What happened to the buildings from the 1876 Centennial in Fairmount Park?
The exposition on the banks of the Schuylkill — the first World’s Fair in the United States — featured some 200 buildings. Just two remain.
After years of planning, the Centennial Exposition marking the 100th anniversary of the nation’s birth opened in Fairmount Park on May 10, 1876, with President Ulysses S. Grant and a long list of dignitaries in attendance.
Set on 286 acres on the banks of the Schuylkill, the exposition — the first World’s Fair in the United States — featured 200 buildings representing 37 countries, as well as states and territories of the still-growing country.
By the time it ended on Nov. 10, nearly 10 million people had visited, according to organizers.
Then, one by one, the buildings large and small that dotted the landscape disappeared. Only two main structures remain — Memorial Hall (the home of the Please Touch Museum) and Ohio House (most recently the Centennial Cafe).
Why were most of the buildings demolished? A reader asked through Curious Philly, a forum where readers submit questions and our journalists seek to answer them.
Not built to last
With a few exceptions, the buildings weren’t meant to be permanent, said Linda Gross, co-author with Teresa Snyder of Philadelphia’s 1876 Centennial Exhibition.
Those originally intended to remain were among the larger structures, including Memorial Hall and the now-demolished Horticultural Hall.
“The Main Building was slated to be razed, but the International Exhibition Co., led by Clement Biddle, worked to create a permanent exhibition in Fairmount Park,” Gross, a research librarian at the Hagley Museum in Wilmington, said in an email.
The building — the largest in the world at the time, covering 20 acres — reopened May 10, 1877, as the International Exhibition Co., later the Permanent Exhibition Co.
But, as Elizabeth Milroy writes in The Grid and the River, the Fairmount Park Commission did not want the building to remain, and in 1879 ordered it vacated “on the grounds that the new managers now emphasized entertainment more than edification." The operators resisted. but gave up after they started losing money. The building was demolished in 1881.
Horticultural Hall was chosen to remain, Gross said, in part because it had central heat and a good lighting system. “It remained as a botanical conservatory for many years," she said.

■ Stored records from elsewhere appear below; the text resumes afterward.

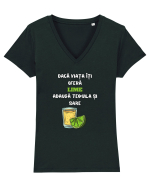 DACĂ VIAȚA ÎȚI OFERĂ LIME Tricou mânecă scurtă guler V Damă Evoker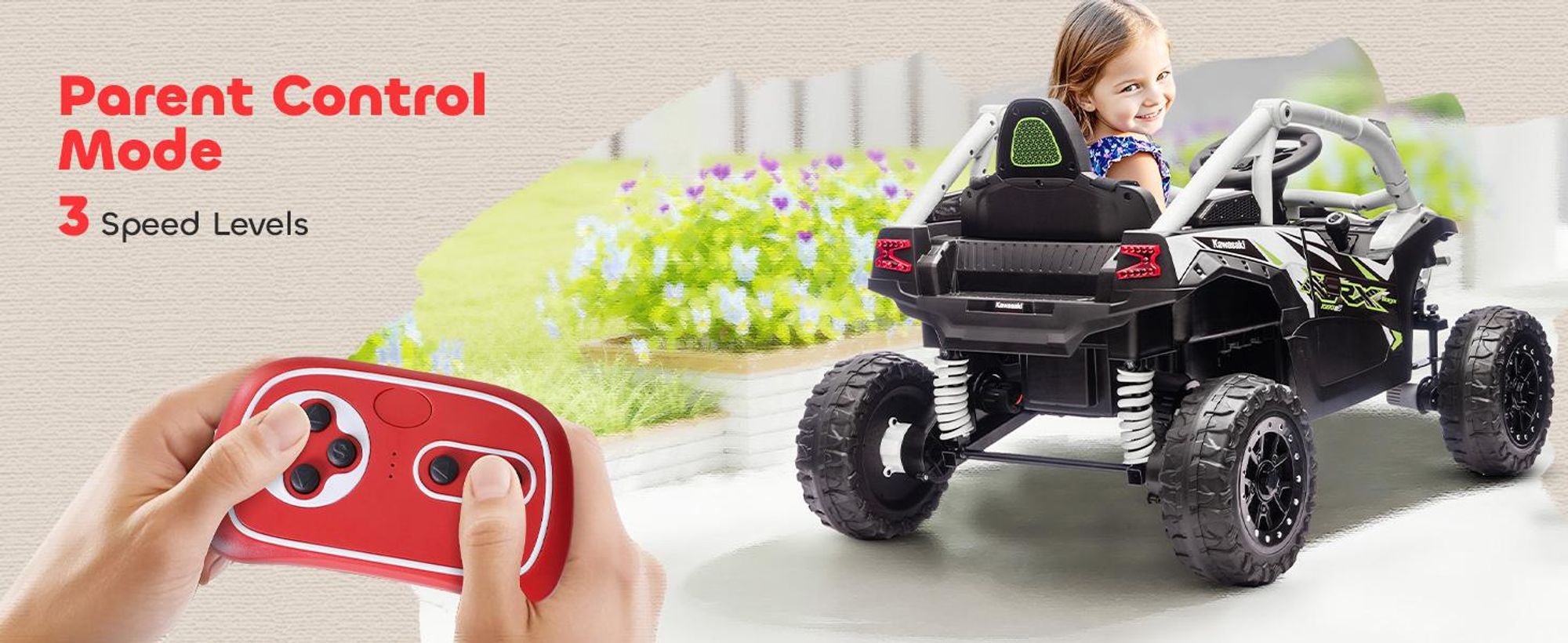 AIYAPLAY – elektryczny samochód dla dzieci 12 V, dziecięcy pojazd UTV z 2 silnikami, pilotem i diodami LED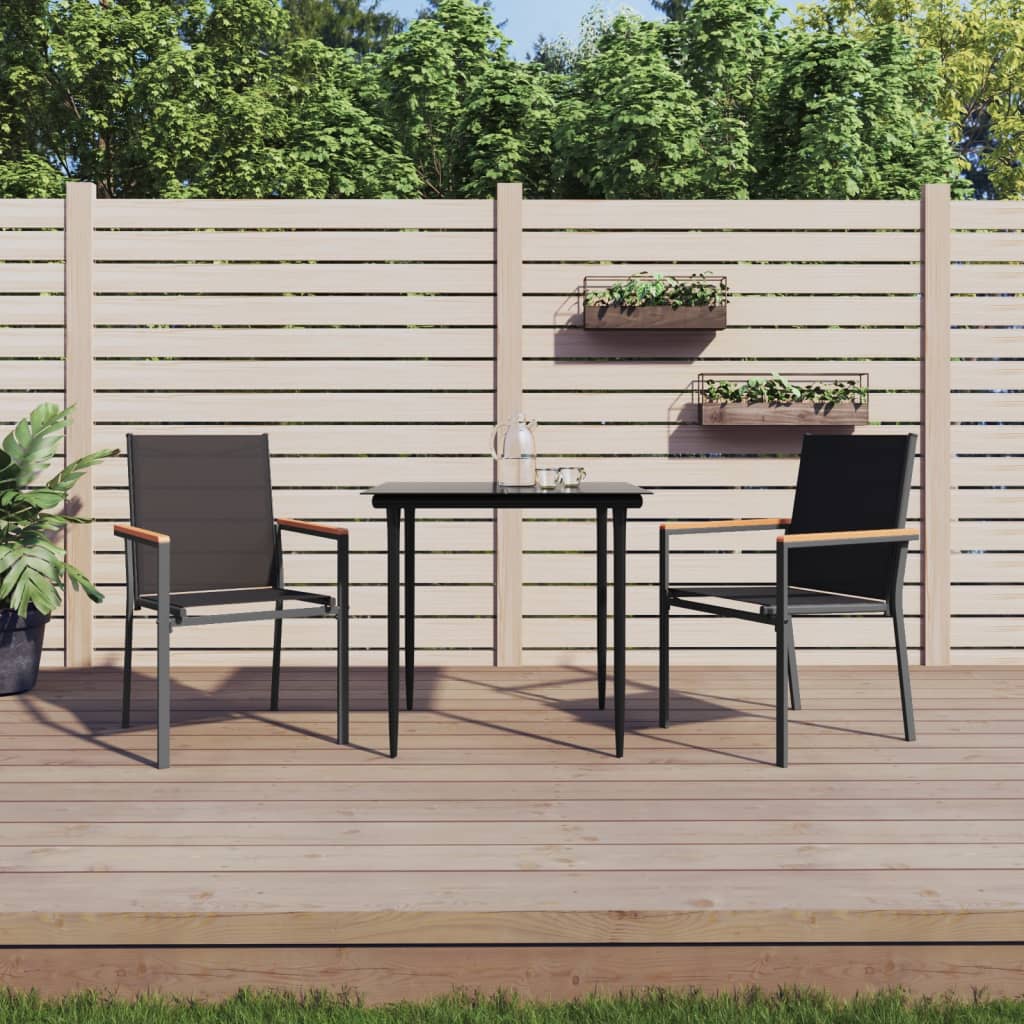 Garden Chairs 2 Pcs Black 55 X 61.5 X 90 Cm Textilene and Steel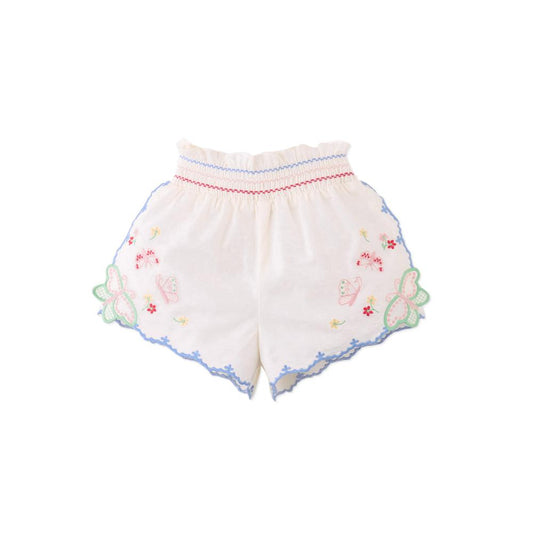 Baby Jisoo Shorts with Scalloped Edges & Butterfly Embroidery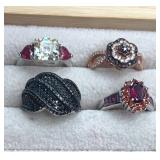 925 silver ring collection. Size 5. 15.6g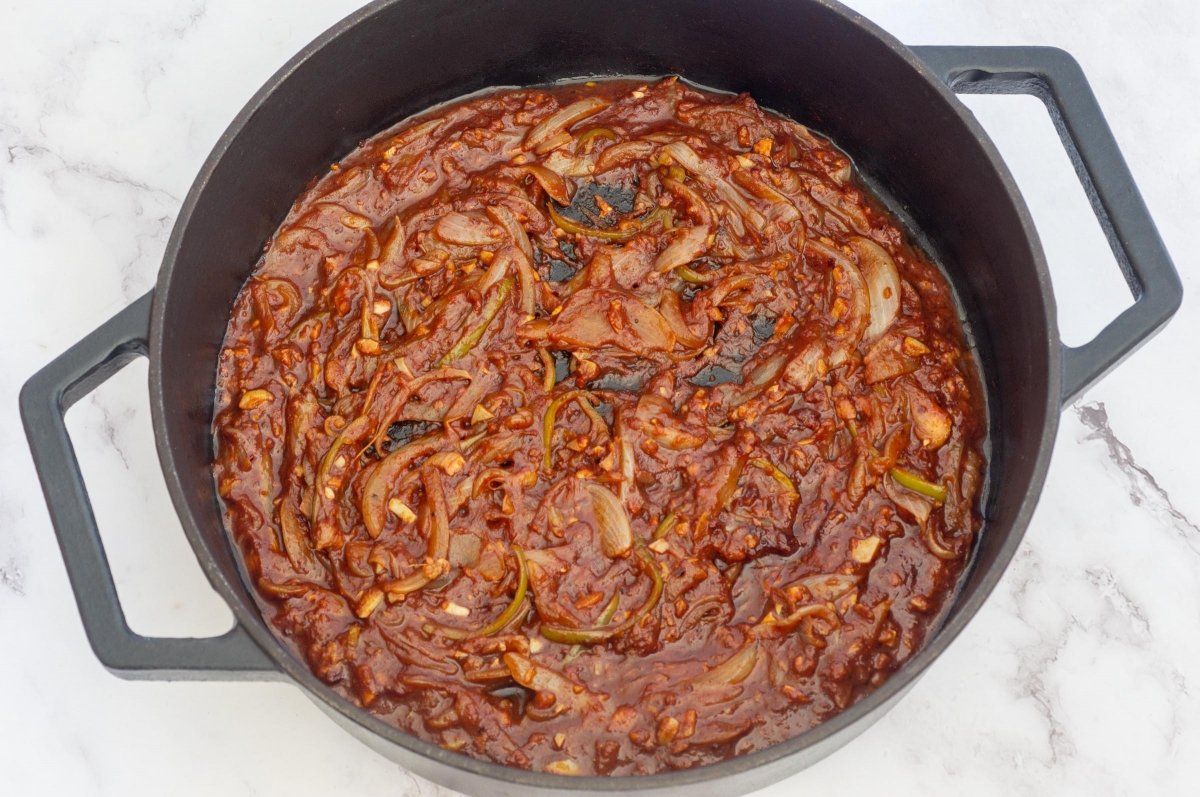 Sofrito para vindaloo de cerdo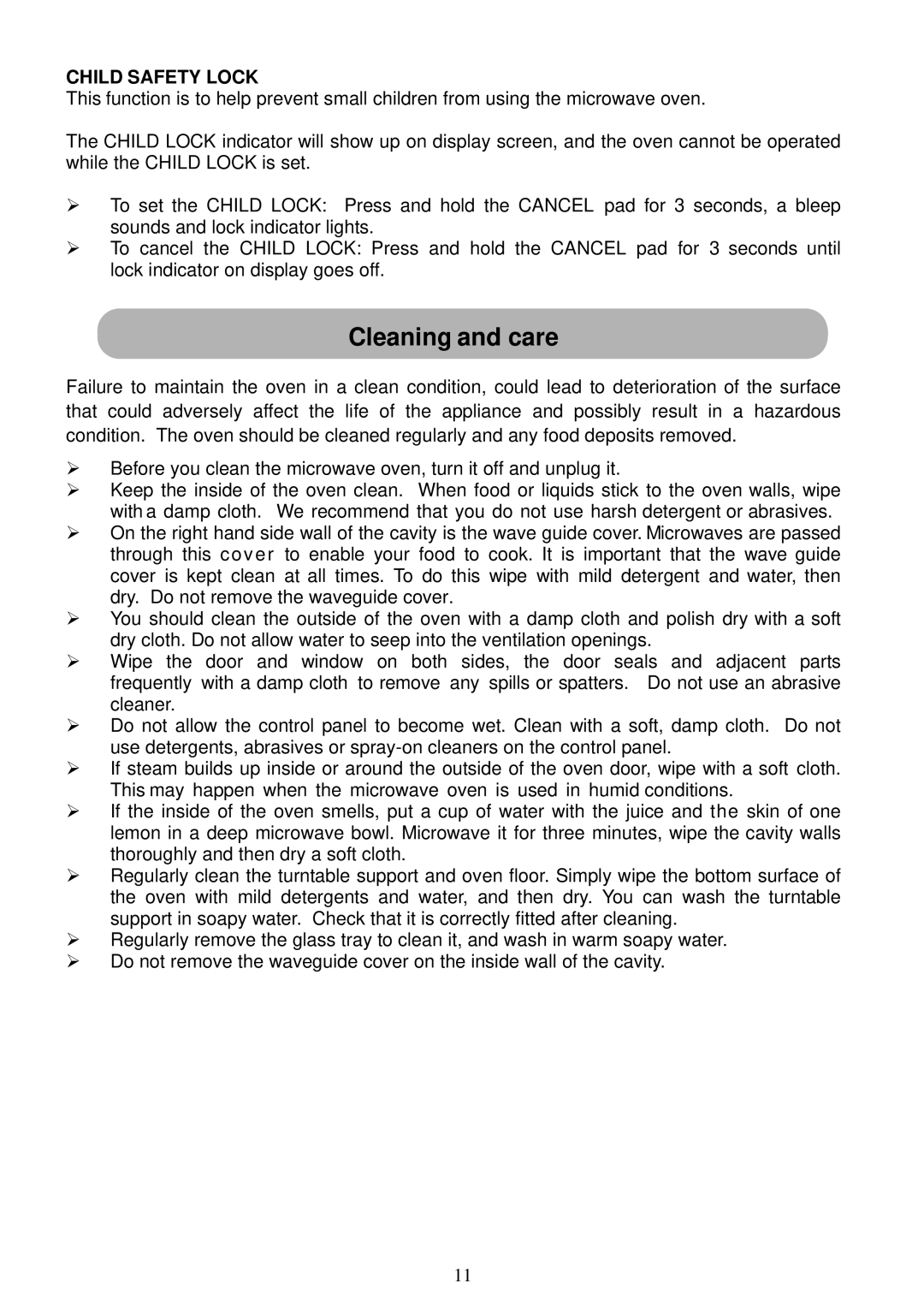 Russell Hobbs RHM1719B user manual Cleaning and care, Child Safety Lock 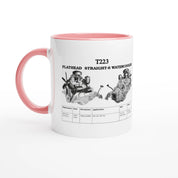 Pink-accented STRAIGHT SERIES T223 ENGINE 325ml COLORED CERAMIC MUG with Flathead Straight-6 engine illustration, stylish drinkware for car buffs.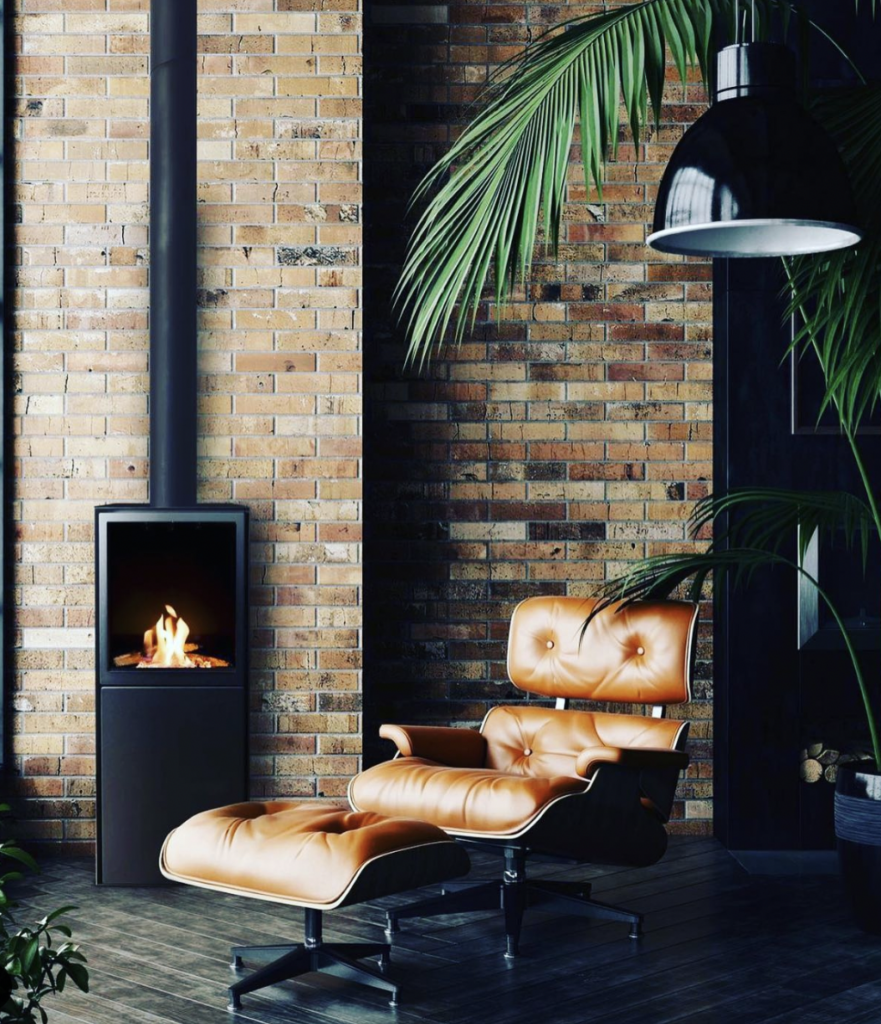 Minimalist Modern Gas Fireplace and Timeless Brick
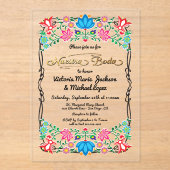 ヌエストラボダフォークアートメキシカンフィエスタパーティー アクリル招待状 (正面)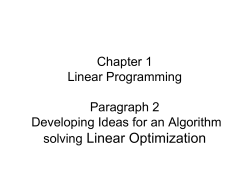 solving Linear Optimization
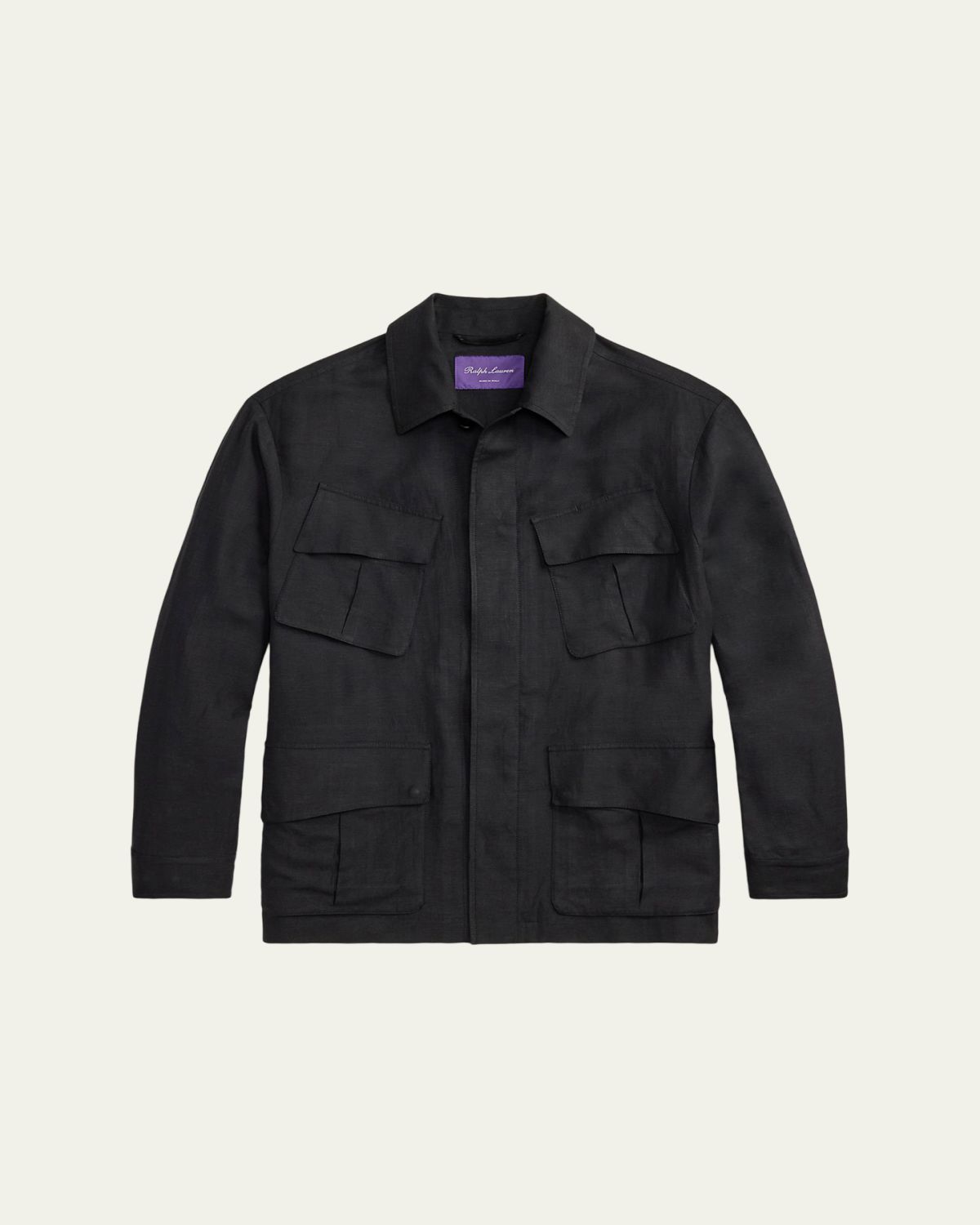 Ralph Lauren Purple Label Men's Silk and Linen Flap-Pocket Field Jacket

But it fell into disrepair and was demolished in 1955 after suffering major damage from Hurricane Hazel in October 1954. Even before the hurricane hit, the hall had been closed to the public due to structural concerns.
After the fair, Memorial Hall became the home of the Pennsylvania Museum and School of Industrial Art, precursor to the Philadelphia Museum of Art, Gross said. The Art Museum moved in 1928 to the Benjamin Franklin Parkway, but Memorial Hall continued to house art until the Fairmount Park Commission took over the building in 1958. In 2008, it reopened as the new home of Please Touch after a three-year, multimillion-dollar renovation.
New homes and purposes
Many of the smaller buildings found new purposes, thanks in part to a U.S. Supreme Court ruling.
When the fair ended, it appeared that the event had turned a profit. But then the court ruled that the $1.5 million Congress had allocated for the event ($36.3 million in 2019 dollars) was a loan that had to be paid back.
Organizers looked to pay back the loan in part by selling off buildings, many of which were made for quick assembly — and disassembly.
Several dozen buildings from the fair were moved to the then-burgeoning New Jersey Shore, according to a 1976 New York Times story.
One of them, said to be Froebel’s Model Kindergarten, possibly became St. Peter’s by-the-Sea Episcopal Church in Cape May Point. Its portability is underscored by the fact that its current location follows four moves as the shoreline retreated over the years, according to the church history.
It is also said that the Pennsylvania Railroad bought a building and first used it at the Wayne station and then moved it to Strafford, where it still stands as a Regional Rail station.
Of at least four buildings moved to Spring Lake, Monmouth County, two remained in 1976, the Times reported: the Missouri House, which was a rooming house before becoming a private residence, and the Portuguese House, which was then part of the Billows Hotel. Both are now gone.
Bits and pieces of other Centennial Exposition buildings may have ended up in other structures.
For example, according to the Times, Richard J. Dobbins, who built most of the buildings, bought back at least a dozen of them, as well as some of the lumber from Agricultural Hall. He used all that wood to put up about 40 farmhouses in Monmouth County, as well as fences, bridges, and bulkheads.
Still on display
Exhibits from the fair also live on.
After the exhibition, 62 boxcars of material were taken to Washington, where some of the money paid back to Congress was allocated for the U.S. National Museum, now the Arts and Industries Building of the Smithsonian Institution.
From 1976 until 1996, the museum displayed part of the Centennial collection.
Gross said pieces from the Smithsonian’s exhibition are on loan to the National Museum of Industrial History in Bethlehem, Pa. The museum says it has 19 artifacts from the Centennial on exhibit there.